▶ _Exercise_:
Verbatim copy without images: repeat the records in full.
··········
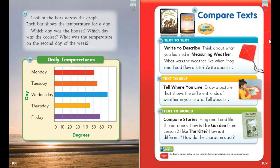It's your turn to compare texts. You're going to use these three connections: text-to-text, text-to-self, and text-to-world. In text-to-text, think about what you've learned in this article, Measuring Weather, and then think about what the weather was like when Frog and Toad flew a kite, and write about it. In text-to-self, draw a picture showing the different kinds of weather in your state, and then tell about it. In text-to-world, Frog and Toad like the outdoors — how is the garden from Lesson 21 like the kite? How is it different? And how do the characters act? Complete all three connections and compare Frog and Toad, the kite, to Measuring Weather.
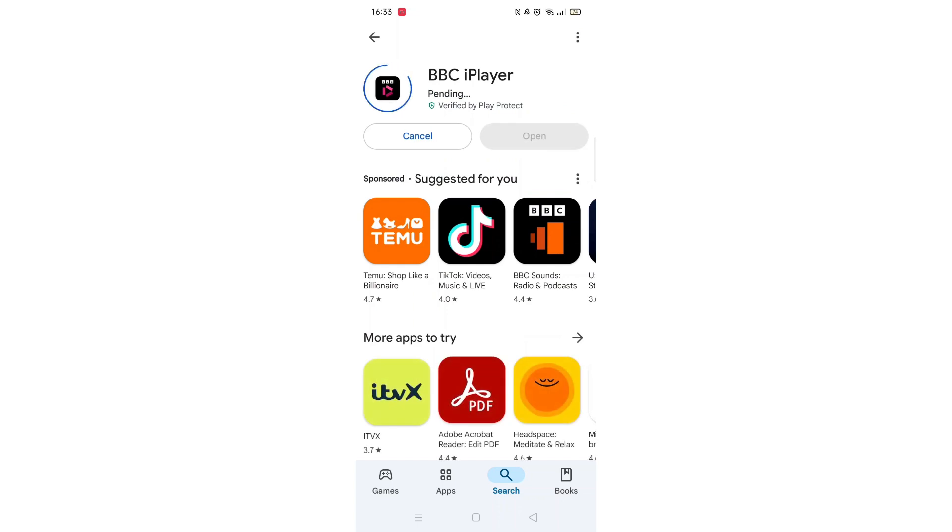Now click on the blue Install button. The app will now start downloading to your phone. This may take several minutes so hang tight.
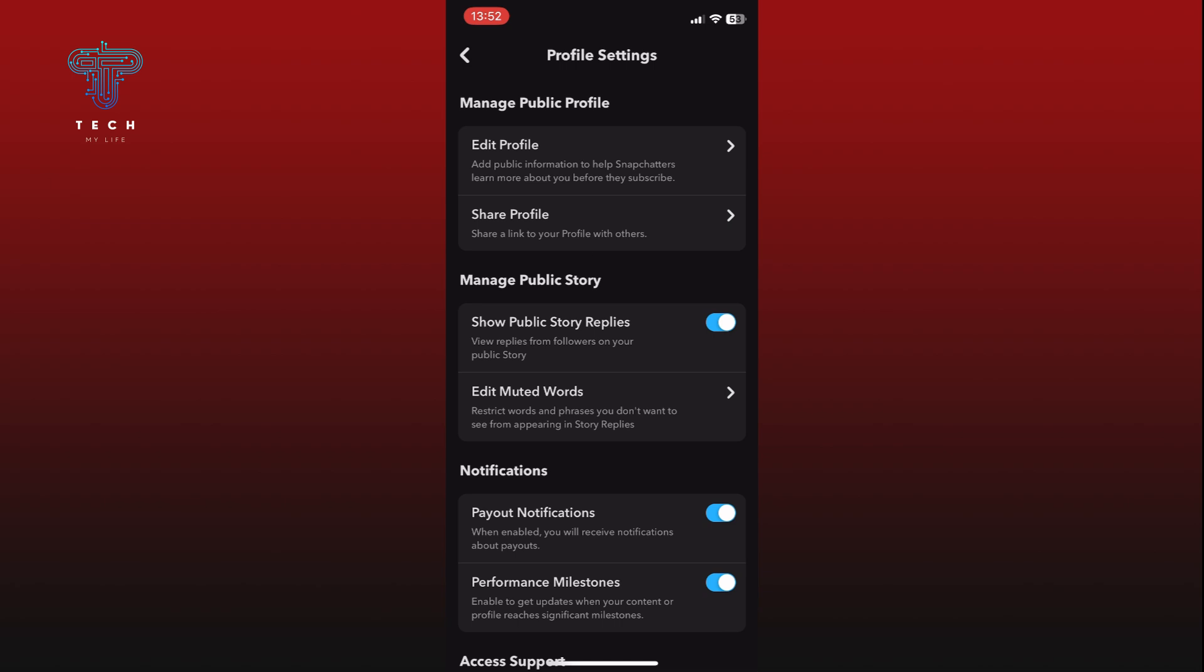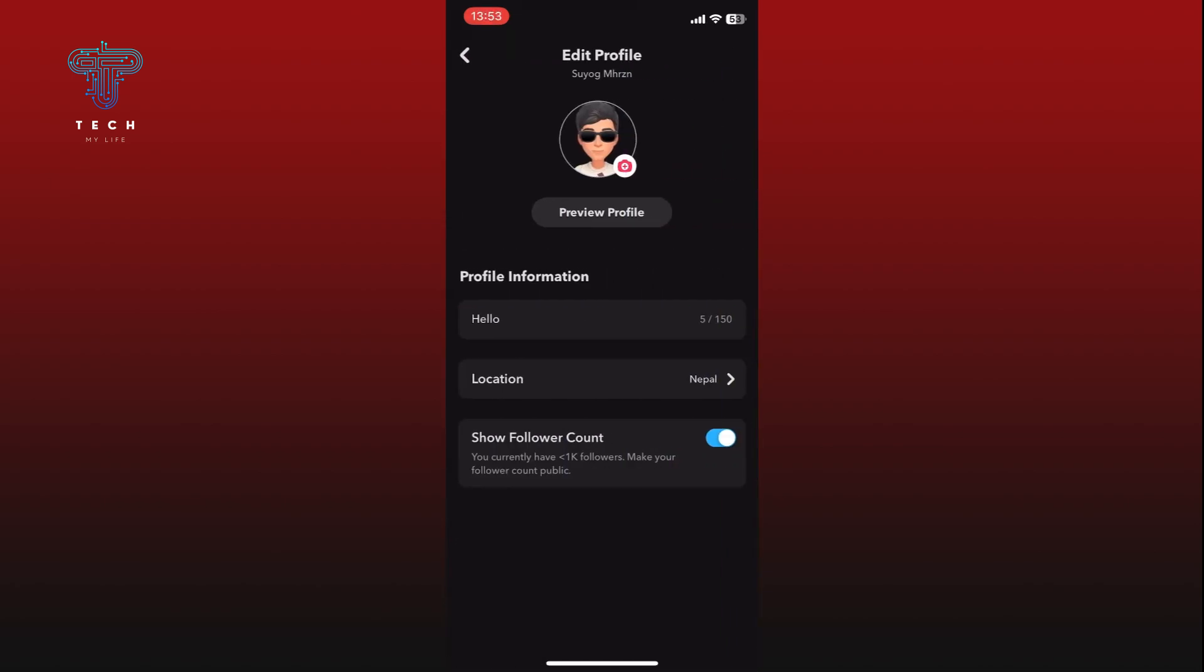Tap on the edit profile option. In the profile information section you will see the show follower count option. To hide your follower count, simply tap on the toggle switch next to it.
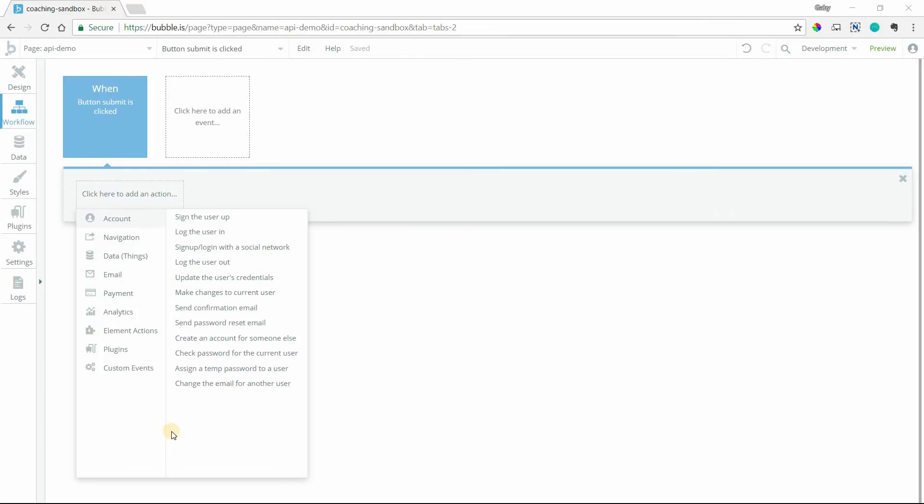If you are ready to take your Bubble app to the next level and start involving API workflows, this video is going to show you how to get your app ready for that. This is just a quick little setup, a couple settings that you need to enable.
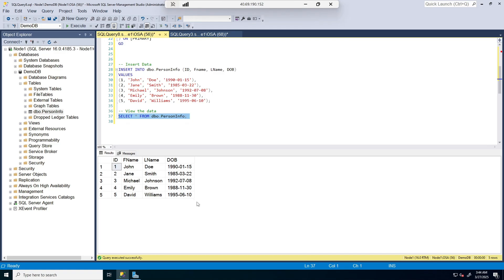This is how you create a database and a table in SQL Server, and also insert data into the table — both with GUI and with T-SQL. If this video was helpful to you, please hit the like button and subscribe, and turn on the notification bell so you know when I post. Thank you for your time today. See you in the next video.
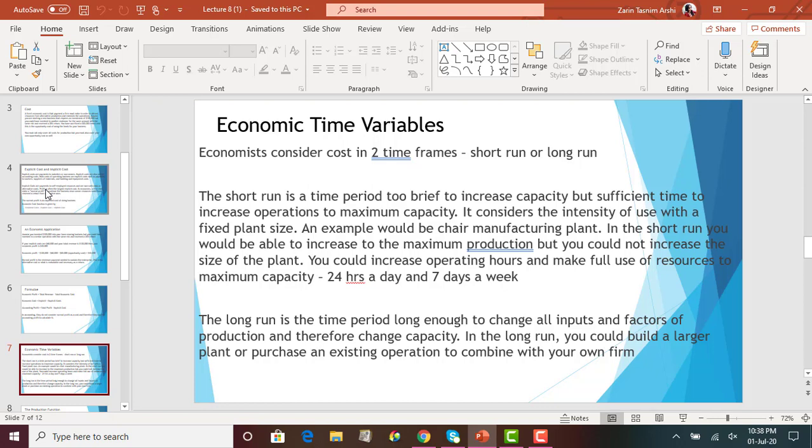When firms engage in production and want to increase or decrease output, they will consider two time frames. The first one is the short run and the second is the long run.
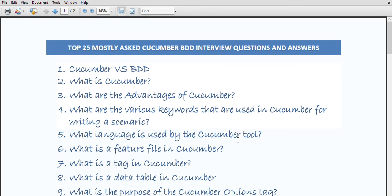Hello all. In today's video we are going to discuss about the mostly asked Cucumber BDD interview questions and answers. These are some questions which are mostly asked, and you must prepare while you are preparing for the automation interview.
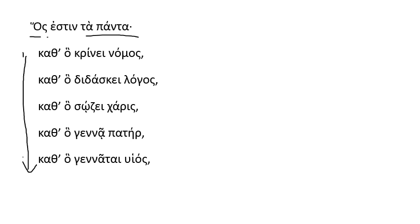Tapanta. Kat ho krini nomos. Each of these phrases is built upon the kat ho followed by a verb. According to what, krini, he judges. According to that which he judges, or in as much as he judges, you might translate.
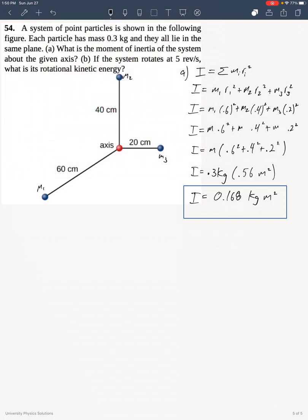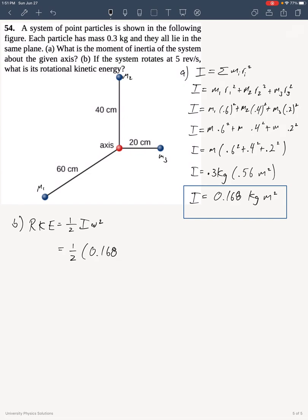Now for part B, I have to find the rotational kinetic energy. In order to do that, I need to put my angular speed in terms of radians per second, which I achieved by multiplying 5 revolutions per second times 2 pi radians per revolution.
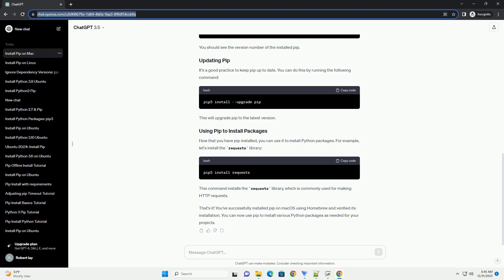Now that you have Homebrew installed, you can use it to install Python, which includes PIP. Follow these steps. In the Terminal, run the following command to install Python using Homebrew. Wait for the installation to complete.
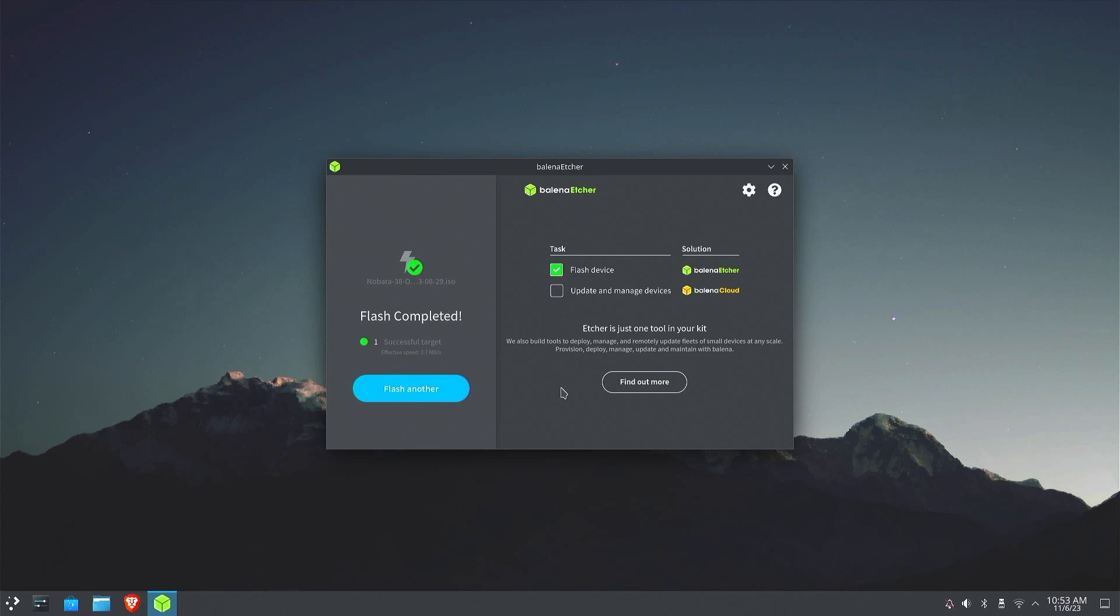Now that the ISO is on our USB stick, we're going to restart the computer and strike F11 or F12 on the keyboard. Your key may be different—check your motherboard book or the splash screen when you first turn on your machine.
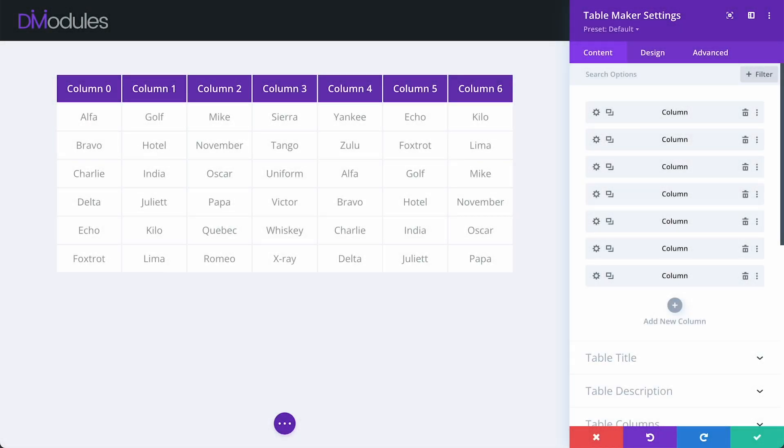Hello and welcome to Divi Modules, my name's David. In this video I'll be giving you a quick overview of some of the new features that you can find in TableMaker 3.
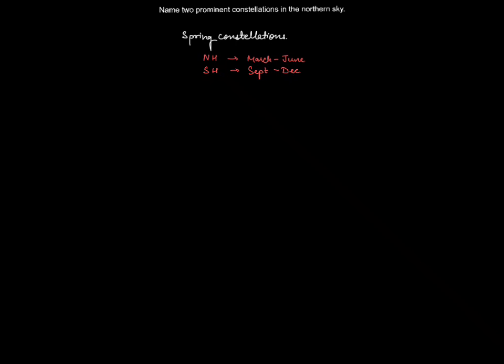So the most prominent constellations that are present in the northern sky can be Ursa Major, then there's Virgo.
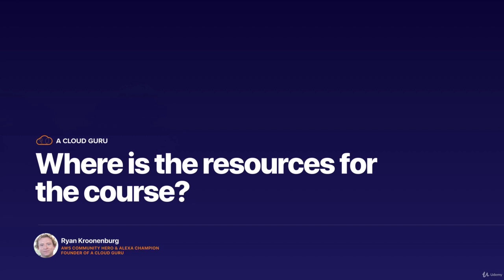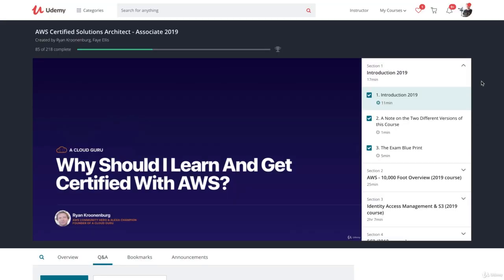So let's go over to Udemy. I'm in one of my courses on Udemy, the AWS Certified Solutions Architect Associate course.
··········
▶ _Written reply_:
It's your turn to compare texts. You're going to use these three connections: text-to-text, text-to-self, and text-to-world. In text-to-text, think about what you've learned in this article, Measuring Weather, and then think about what the weather was like when Frog and Toad flew a kite, and write about it. In text-to-self, draw a picture showing the different kinds of weather in your state, and then tell about it. In text-to-world, Frog and Toad like the outdoors — how is the garden from Lesson 21 like the kite? How is it different? And how do the characters act? Complete all three connections and compare Frog and Toad, the kite, to Measuring Weather.
Now click on the blue Install button. The app will now start downloading to your phone. This may take several minutes so hang tight.
Tap on the edit profile option. In the profile information section you will see the show follower count option. To hide your follower count, simply tap on the toggle switch next to it.
If you are ready to take your Bubble app to the next level and start involving API workflows, this video is going to show you how to get your app ready for that. This is just a quick little setup, a couple settings that you need to enable.
This is how you create a database and a table in SQL Server, and also insert data into the table — both with GUI and with T-SQL. If this video was helpful to you, please hit the like button and subscribe, and turn on the notification bell so you know when I post. Thank you for your time today. See you in the next video.
When firms engage in production and want to increase or decrease output, they will consider two time frames. The first one is the short run and the second is the long run.
Hello all. In today's video we are going to discuss about the mostly asked Cucumber BDD interview questions and answers. These are some questions which are mostly asked, and you must prepare while you are preparing for the automation interview.
Tapanta. Kat ho krini nomos. Each of these phrases is built upon the kat ho followed by a verb. According to what, krini, he judges. According to that which he judges, or in as much as he judges, you might translate.
Now for part B, I have to find the rotational kinetic energy. In order to do that, I need to put my angular speed in terms of radians per second, which I achieved by multiplying 5 revolutions per second times 2 pi radians per revolution.
Now that you have Homebrew installed, you can use it to install Python, which includes PIP. Follow these steps. In the Terminal, run the following command to install Python using Homebrew. Wait for the installation to complete.
Now that the ISO is on our USB stick, we're going to restart the computer and strike F11 or F12 on the keyboard. Your key may be different—check your motherboard book or the splash screen when you first turn on your machine.
Hello and welcome to Divi Modules, my name's David. In this video I'll be giving you a quick overview of some of the new features that you can find in TableMaker 3.
So the most prominent constellations that are present in the northern sky can be Ursa Major, then there's Virgo.
So let's go over to Udemy. I'm in one of my courses on Udemy, the AWS Certified Solutions Architect Associate course.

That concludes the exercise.